IBCNServices / pyRDF2Vec

🐍 Python Implementation and Extension of RDF2Vec
https://pyrdf2vec.readthedocs.io/en/latest/
MIT License
243 stars 49 forks source link

Remote KG does not check whether provided entities exist. #47

Closed dinani65 closed 3 years ago

dinani65 commented 3 years ago

I have a subset facts of FreeBase dataset in the form of , please take a look at the following example of my input data:

<fb:m.0100zv6s> <fb:common.topic.notable_for>   <fb:g.1q3sj7rb3>
<fb:m.0100zv6s> <fb:common.topic.notable_types> <fb:m.0kpv1_>
<fb:m.0100zv6s> <fb:music.group_member.membership>  <fb:m.0100zv6q>
<fb:m.0100zv6s> <fb:people.person.nationality>  <fb:m.03_r3>
<fb:m.0100zv6s> <fb:people.person.place_of_birth>   <fb:m.03_r3>

Based on the document, I think the KG should be initialized from scratch. Do u think so? If so, do I have to traverse the scratch(around 2G) line by line to add walks?

GillesVandewiele commented 3 years ago

If you have an RDF file (many syntaxes are supported: turtle, n3, owl, xml, ...), you can use the RDFLib KG. You can also host your own SPARQL endpoint with this data and use that to initialize a KG.

dinani65 commented 3 years ago

I am not sure whether my question makes sense or not. The sample.n3 file includes one fact: <fb:m.0100zv6s> <fb:common.topic.notable_for> <fb:g.1q3sj7rb3> .

kg = KG("/freebase_2hops/sample.n3")
print(len(kg._entities))
print((kg._entities))

Could u explain why the entities of the KG are in this way: {<pyrdf2vec.graphs.kg.Vertex object at 0x7f9ab818acd0>, <pyrdf2vec.graphs.kg.Vertex object at 0x7f9a65fec250>} These entities are showing fb:m.0100zv6s and fb:g.1q3sj7rb3, respectively? How to access the entities (in the form of the input file) via KG?
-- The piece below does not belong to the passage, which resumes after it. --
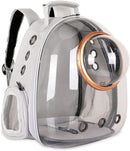 pet products Pet Space Capsule Backpack, Small Medium Cat Puppy Dog Carrier, Transparent Breathable Heat Proof, Pet Carrier for Travel Hiking Walking Camping, Grey - RnR Galore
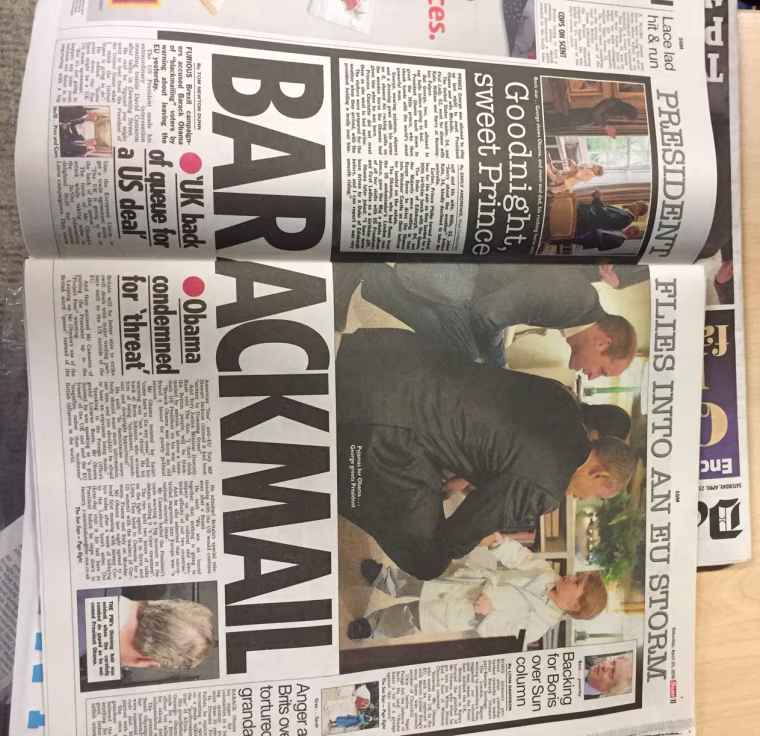 Image: Britain's newspaper The Sun reported Obama's Brexit intervention under the headline "BARACKMAIL."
rememberYou commented 3 years ago

The fact that _entities is a private variable should put you on notice that it should only be used in rare exceptions.
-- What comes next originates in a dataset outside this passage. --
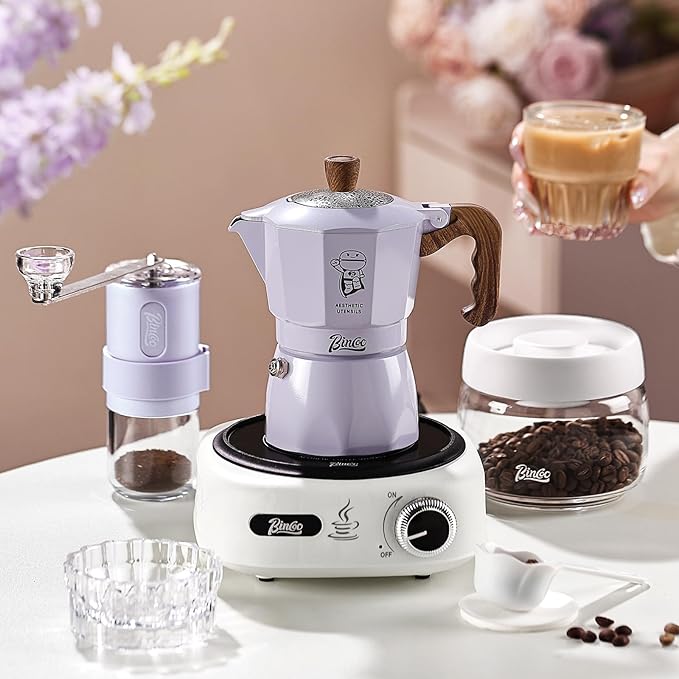 Bincoo Espresso Maker Stovetop - 2 Cup/120ML Small Stove Top Espresso Italian Coffee Maker, Camping Moka Pot- Portable, Ideal for Home and Camping (Purple)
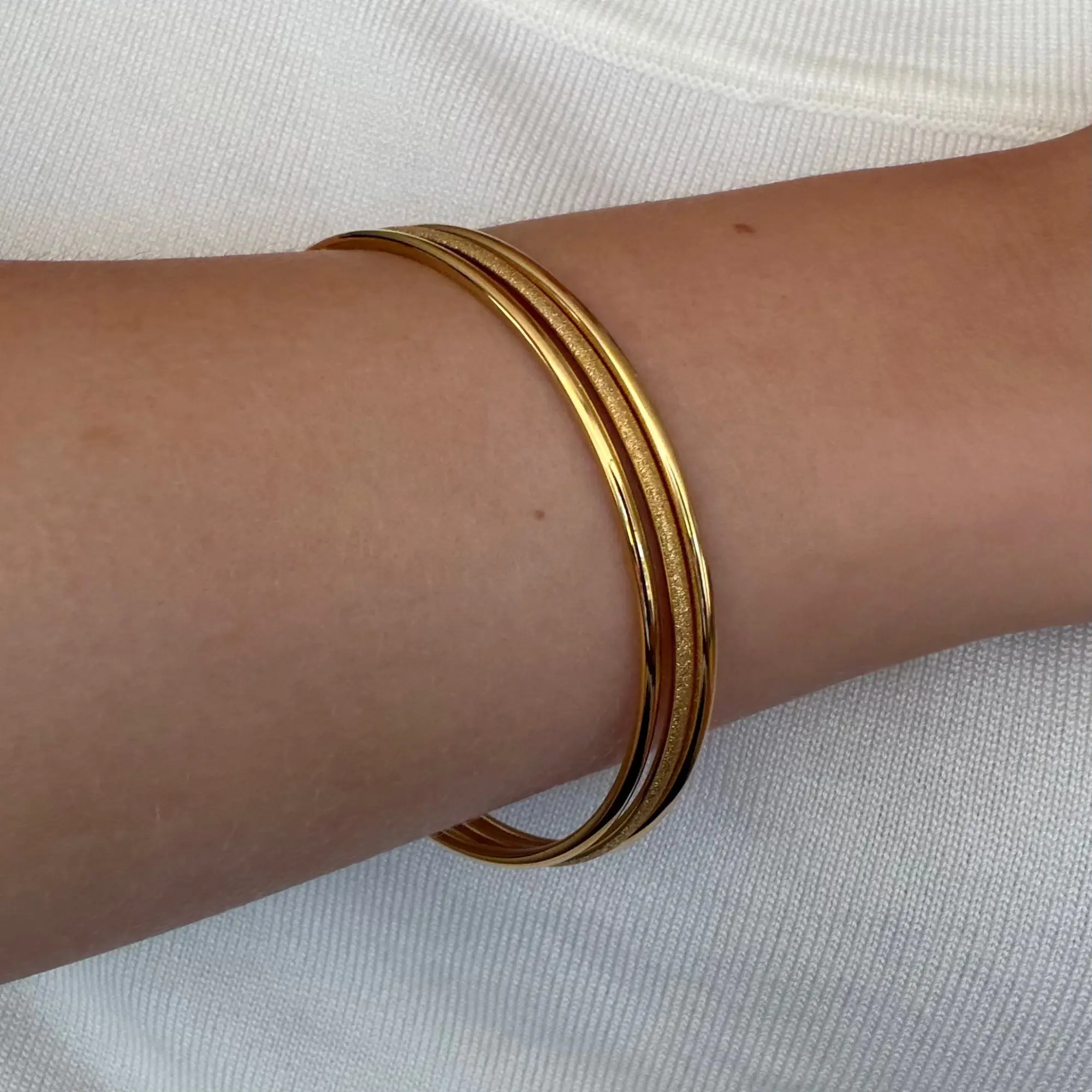EVRY JEWELS Gold or Silver Plated Women's Hypoallergenic Baddie 3-Piece Bangle Set Bracelet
To give a little more context, in the case of multiple online learning where a model is trained incrementally, someone may want to retrieve all the entities that have been trained. For example, to be able to plot these entities in a graph. It is mainly for this reason that this variable was created.

The display of Vertex objects should be displayed by their name (e.g., Vertex(name="fb:m.0100zv6s")) and not by their memory address. Are you using the latest version of pyRDF2Vec? Otherwise, you can always access the name of a vertex with the .name attribute. So the first three vertices of your input file should be displayed as follows:

print([entity.name for entity in kg._entities[:3]])
dinani65 commented 3 years ago

I need to generate the embeddings of the all entities and relations of the input dataset. I created my own SPARQL endpoint, now my question is that I should put all entities in a file and run the following command for them one by one?
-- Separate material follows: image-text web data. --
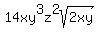 14xy%5E3z%5E2sqrt%282xy%29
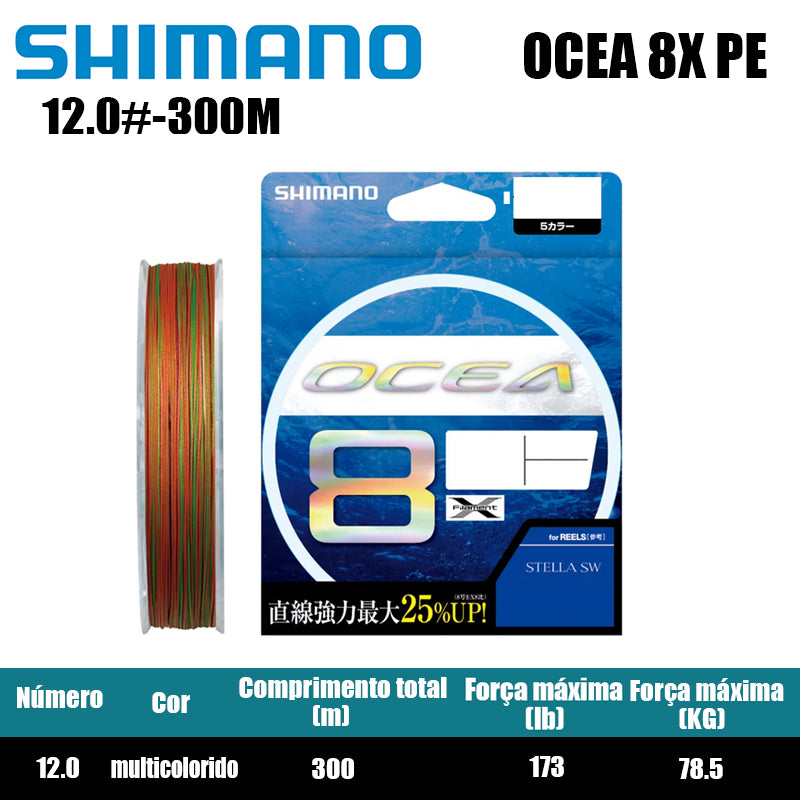 Shimano Ocea 8X PE Linha De Pesca PE 300M Multicolorido (2 Carretéis)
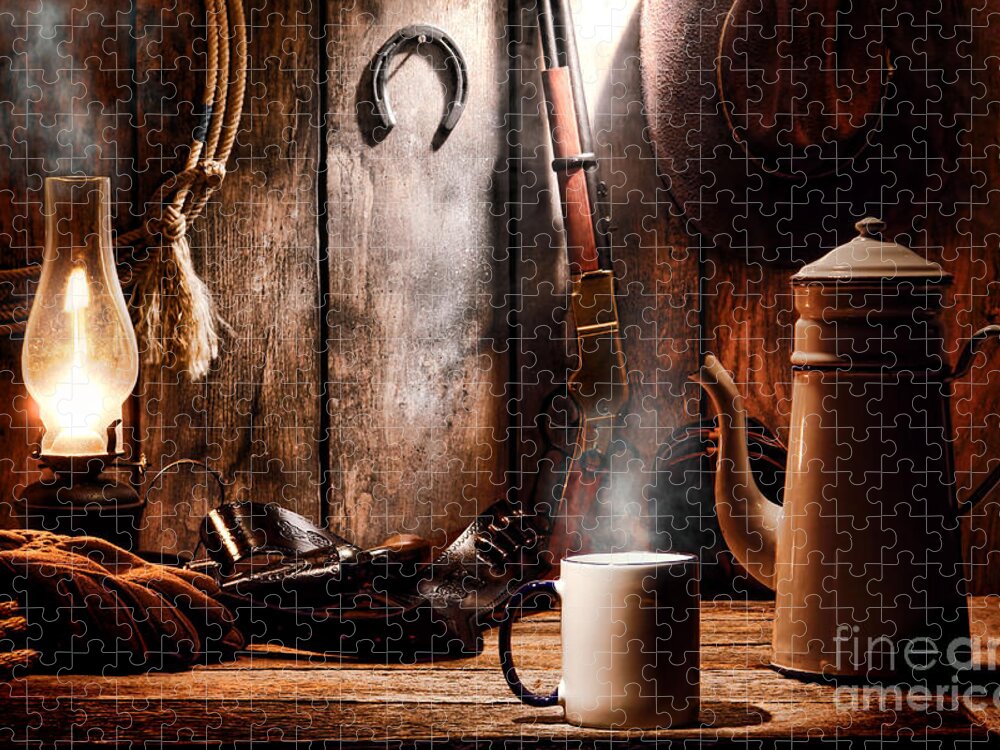 Coffee Jigsaw Puzzle featuring the photograph Coffee at the Cabin by Olivier Le Queinec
kg = KG(location="http://localhost:5820/db1/query", is_remote=True)`
for each e in allEntities:
  embeddings.append(transformer.fit_transform(kg, e1))
rememberYou commented 3 years ago

Assuming that allEntities corresponds to the training entities from your file, here is how you can train the model for them:

# ...

transformer = RDF2VecTransformer(
    walkers=[RandomWalker(4, 10, n_jobs=2, random_state=RANDOM_STATE)],
    verbose=1,
)
embeddings, literals = transformer.fit_transform(
    KG("http://localhost:5820/db1"), allEntities
)
print(embeddings[:-3]) 

NOTE: with pyRDF2Vec>=0.2.0 you don't need to use is_remote=True anymore to indicate a remote KG. Specifically, pyRDF2Vec>=0.2.0 relies on the fact that a KG location with an "http" suffix corresponds to a remote KG. Also note that you should not add the /query to your KG location.

dinani65 commented 3 years ago

I think I am missing some information, I run a simple code based on what u mentioned. It seems not to be checked whether the entities are in the KG, could u please tell me where I am doing wrong?

allEntities=['hello', 'fb:m.03_r3']
kg = KG("http://localhost:5820/WebQSP", is_remote=True)
transformer = RDF2VecTransformer(
    walkers=[RandomWalker(4, 10)]
)
transformer.fit(kg, allEntities, verbose=True)
walk_embeddings = transformer.transform(allEntities)
print(walk_embeddings)

It returns the embedding for two entities while "hello" does not belong to the dataset.

rememberYou commented 3 years ago

The way pyRDF2Vec works is as follows:

So, since your Knowledge Graph is not stored on your physical machine, the entities you want to create embeddings of may or may not be in the Knowledge Graph: https://github.com/IBCNServices/pyRDF2Vec/blob/7b1a41e589dbd2894382bbc2879eab46aed7f759/pyrdf2vec/rdf2vec.py#L163-L168

In your case, the generated walk for an entity that does not exist in the KG is given as follows: [('hello',)] and be injected into the Word2Vec training. Checking for a remote KG that all the entities provided are correct, would lead to additional SPARQL queries and thus slow down performance. I doubt that this is a desired behavior for a future release of pyRDF2Vec. @GillesVandewiele do we need to display a warning message in the code/FAQ about this?

GillesVandewiele commented 3 years ago

Hi, I think it would be an interesting addition to have this check for remote KGs as well. The queries (ASK query) should not be to expensive AFAIK.

rememberYou commented 3 years ago

@dinani65 The issue has been fixed with this commit on the master branch: https://github.com/IBCNServices/pyRDF2Vec/commit/f53b46ce6060930e8e769b11457d544509aeb110

You can clone the repository to take advantage of this. I also added a skip_verify (default to False) attribute for the KG class to skip this check.